A artista americana Jessica Hess se inspira na arte de rua de São Paulo e de outras cidades para reproduzir obras urbanas em suas telas. Realistas, as pinturas são feitas com tinta óleo ou guache.

O britânico INSA criou gifs animados de street art. A ideia era promover o álbum de Atoms for Peace, banda de Thom Yorke.

Arte urbana é catalogada coletivamente

Instagrafite é um projeto no Instagram que funciona como uma grande galeria virtual de street art.
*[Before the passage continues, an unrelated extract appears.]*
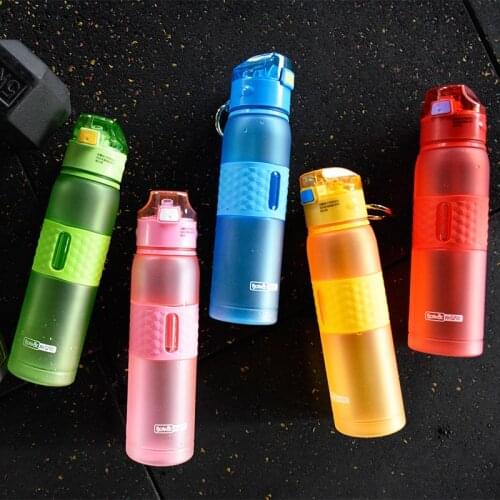 New 618ML Plastic water bottle with straw drink Tritan bpa free cute Tea water filter bottles kids Sport Bicycle Outdoor gym Cup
O conteúdo é gerado pelos usuários: seguidores são convidados a utilizar a hashtag #instagrafite em seus achados pelas ruas.

A Folha de São Paulo convoca seus leitores a enviar imagens de arte urbana para ilustrar edições da revista sãopaulo, que acompanha o jornal aos sábados.

Lançado recentemente, o Color+City é uma plataforma online na qual o dono de um muro livre pode oferecer o espaço para um artista pintar. No site, são catalogadas as obras já executadas.

A marca de papel higiênico Personal desenvolveu a campanha Movimento Papel do Cidadão, uma campanha onde os paulistanos puderam sugerir locais feios da cidade que poderiam ganhar o trato de um time de grafiteiros.

Arte urbana está cheia de amor pra dar

Desde sua origem, a arte urbana sempre esteve muito associada à revolta. De uns anos pra cá, o protesto rancoroso deu espaço a manifestações de amor e de humor, sem nunca perder seu tom provocador.

Nas eleições do ano passado, o Cavalete Parade tirou um sarro da propaganda política irregular nas ruas. A ideia foi “pegar emprestado” um cavalete e fazer uma intervenção artística por cima. Uma semana antes da eleição, rolou uma exposição na avenida Paulista.

O Coletivo Oitentaedois espalhou letras do alfabeto pelos muros de São Paulo, em forma de movimentos de break-dance. ”Surgiu a ideia de criar uma espécie de jogo, onde a descoberta de algumas letras leve à procura e interação com as outras, chamando atenção para a dança de rua”, diz Caio Yuzo, autor do projeto.

O vjsuave, duo composto por Ygor Marotta e Cecilia Soloaga, explora recursos como video mapping, live painting e moving projection para disseminar mensagens de amor pelas ruas.

O projeto As Ruas Falam reúne frases e desabafos fotografados em espaços urbanos de São Paulo e outras cidades. Todos podem enviar contribuições usando a hashtag #asruasfalam no Instagram.

Um comentário para Retrato da arte urbana contemporânea em São Paulo

  1. FLAVIO MELO disse:

    Muito bacana observar esse movimento gigantesco de disseminação da arte, seja ela qual for e em qual plataforme estiver. Movimento esse preconizado por Hélio Oiticica e sua turma décadas atrás. ”Museu é o mundo” e hoje isso é real!